I just had a Stratus 4 installed and I'm using the AUX connection but for some reason, the sound quality is not good at all. It sounds like the Stratus is turned way down and my radio is turned all the way up. It doesn't sound like feedback since this radio is hard wired to power in my car.

My iPod sounded much better than this and I could understand some hiss using a FM transmitter but not the AUX. I didn't expect CD quality sound but this is just disappointing.

I checked the volume on the Status and it's set to max. If I turn my radio way down I don't hear it but I can barely hear the music. Stations like CNN or other talk stations the hiss is more predominant or noticeable. The signal is showing all three bars so I don't think it's my antenna.

Is there something I can buy or check to see what might be causing this? I will try a another line from the dock to my aux connection to see if it's the cable. The installer ran the cables behind the radio and out of sight. I hope it's the cable.

Any ideas?
Thanks!


----------



## Steve Mehs (Mar 21, 2002)

A ground loop isolator should solve your problem.
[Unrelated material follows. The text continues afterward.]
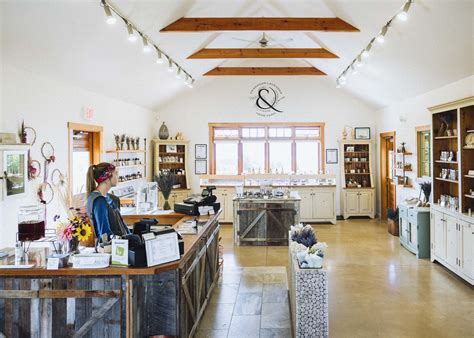 Tourism boards explain how Vernon to Kelowna links regions 27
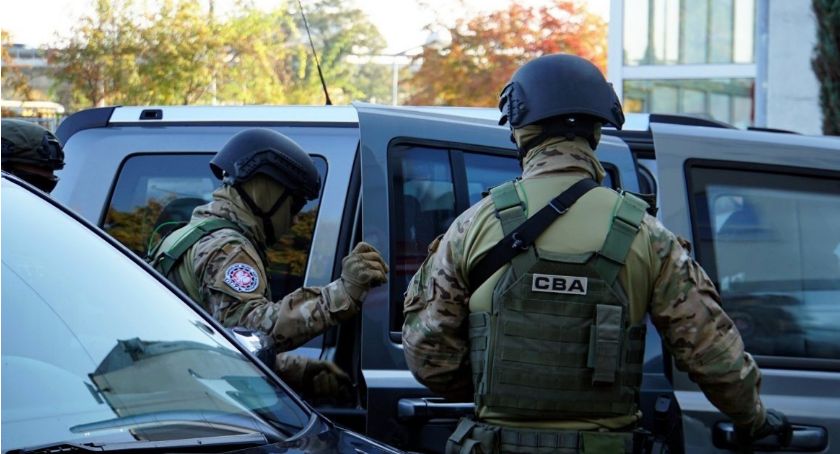 Mafia wywoziła z Polski rzadkie lekarstwa. 5 osób zatrzymanych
http://www.radioshack.com/sm-buy-the-ground-loop-isolator-on-http-wwwradioshackcom--pi-2062214.html


----------



## booger (Nov 1, 2005)

Steve Mehs said:


> A ground loop isolator should solve your problem.
> 
> http://www.radioshack.com/sm-buy-the-ground-loop-isolator-on-http-wwwradioshackcom--pi-2062214.html


Thanks Steve for the tip. I'll pick up one on my way home today and let you know.

Thanks again.


----------



## booger (Nov 1, 2005)

Success!! Steve thank you for the tip. I picked up one at my local Radio Shack and it made a huge difference. Got rid of all the background hiss even on the talk radio stations.

Thanks again!


----------



## Steve Mehs (Mar 21, 2002)

You're welcome.  Glad it worked. I had the same problem a few years ago with my XM Roady XT.


----------